When compared with buy and hold which did

```
bnh_gross_pnl = hold_pnl.sum()
bnh_returns = 100 * hold_pnl.sum() / dollars_at_risk
bnh_sr = np.sqrt(260) * hold_pnl.resample('B').sum().mean() / hold_pnl.resample('B').sum().std()
print(f"Gross Pnl: ${bnh_gross_pnl:.2f}\nReturns: {bnh_returns:.2f}%\nSharpe Ratio: {bnh_sr:.2f}")
```

Gross Pnl: $-1239.96 Returns: -41.33% Sharpe Ratio: -0.69

Not bad at all! I hear you clamour. Why didn't we start trading yesterday? I hear you shout. Well, there's a catch, there's always a catch.

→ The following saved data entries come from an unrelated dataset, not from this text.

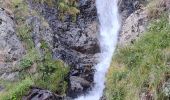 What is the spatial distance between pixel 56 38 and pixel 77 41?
1.61m

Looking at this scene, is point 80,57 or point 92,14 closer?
point 80,57

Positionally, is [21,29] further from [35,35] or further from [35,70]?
[35,70]

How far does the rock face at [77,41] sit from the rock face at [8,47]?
1.85 m

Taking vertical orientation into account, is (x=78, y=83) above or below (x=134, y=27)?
below

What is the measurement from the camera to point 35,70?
15438 millimetres

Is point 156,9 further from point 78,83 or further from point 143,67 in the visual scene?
point 78,83

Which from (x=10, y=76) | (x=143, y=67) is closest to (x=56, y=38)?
(x=10, y=76)

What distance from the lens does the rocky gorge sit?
50.3ft

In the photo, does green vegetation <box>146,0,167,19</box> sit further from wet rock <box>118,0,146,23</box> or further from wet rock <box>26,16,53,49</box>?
wet rock <box>26,16,53,49</box>

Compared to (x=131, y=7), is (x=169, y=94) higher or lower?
lower

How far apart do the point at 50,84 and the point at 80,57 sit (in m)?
3.54

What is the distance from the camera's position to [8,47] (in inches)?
631

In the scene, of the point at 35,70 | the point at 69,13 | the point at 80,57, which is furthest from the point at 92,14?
the point at 35,70

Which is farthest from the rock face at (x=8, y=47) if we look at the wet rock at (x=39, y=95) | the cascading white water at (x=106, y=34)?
the cascading white water at (x=106, y=34) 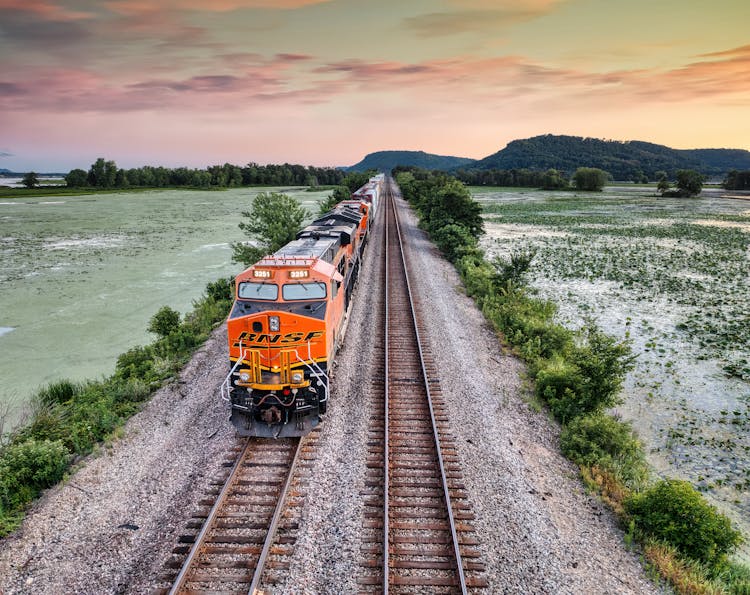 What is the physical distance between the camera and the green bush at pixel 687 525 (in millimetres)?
8758

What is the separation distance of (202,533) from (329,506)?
98.3 inches

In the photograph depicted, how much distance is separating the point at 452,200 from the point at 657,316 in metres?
20.6

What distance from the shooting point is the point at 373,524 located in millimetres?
9039

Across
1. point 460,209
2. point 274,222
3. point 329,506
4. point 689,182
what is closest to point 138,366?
point 329,506

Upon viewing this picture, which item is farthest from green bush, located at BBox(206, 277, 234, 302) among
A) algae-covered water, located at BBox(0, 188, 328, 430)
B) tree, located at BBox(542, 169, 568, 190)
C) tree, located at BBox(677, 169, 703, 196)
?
tree, located at BBox(542, 169, 568, 190)

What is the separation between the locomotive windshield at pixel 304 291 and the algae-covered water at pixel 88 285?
11266 millimetres

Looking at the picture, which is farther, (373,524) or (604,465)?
(604,465)

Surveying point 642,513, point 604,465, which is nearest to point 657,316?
point 604,465

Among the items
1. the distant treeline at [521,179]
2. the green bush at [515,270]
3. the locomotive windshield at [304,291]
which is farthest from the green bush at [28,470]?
the distant treeline at [521,179]

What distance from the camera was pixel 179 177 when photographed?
167875mm

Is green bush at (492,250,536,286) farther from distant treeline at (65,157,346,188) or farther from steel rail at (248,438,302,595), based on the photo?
distant treeline at (65,157,346,188)

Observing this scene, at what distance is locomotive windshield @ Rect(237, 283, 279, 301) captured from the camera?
11462 millimetres

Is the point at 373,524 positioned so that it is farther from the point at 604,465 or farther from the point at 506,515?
the point at 604,465

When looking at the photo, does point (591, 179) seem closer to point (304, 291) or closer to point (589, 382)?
point (589, 382)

So we've demonstrated a process which you might follow as an easy introduction to statistical arbitrage, but unfortunately it's flawed for a multitude of reasons:

- Fees, slippage and spread. We didn't include any notion of costs in this strategy, which are always of order 1 importance. You'll find if you analyse the bps per trade, the edge this strategy has is too small to beat them.
- Instant fill. We assumed that we immediately got all our position on instanteously to capture the minute's whole return. This just isn't realistic and we need to include some notion of probabilistic fill time.
- Out of sample testing. Just because we had excellent results this year, we don't know if this strategy will hold up in time. We could have easily overfit to the data we have, so we should have following a proper train, validate, test process.
- Too simplistic. At the heart of it, this strategy is too simple. Thousands of others will and have tried it and that means that any alpha it has will be long since decayed away

But never fear dear reader, we can build upon this start. We can start to include more sophisticated signals, with multiple time horizons and mean-variance optimisation thrown in to boot. We can layer in other pieces of data and increase the universe of symbols and locations we trade. There is plenty more work to do here.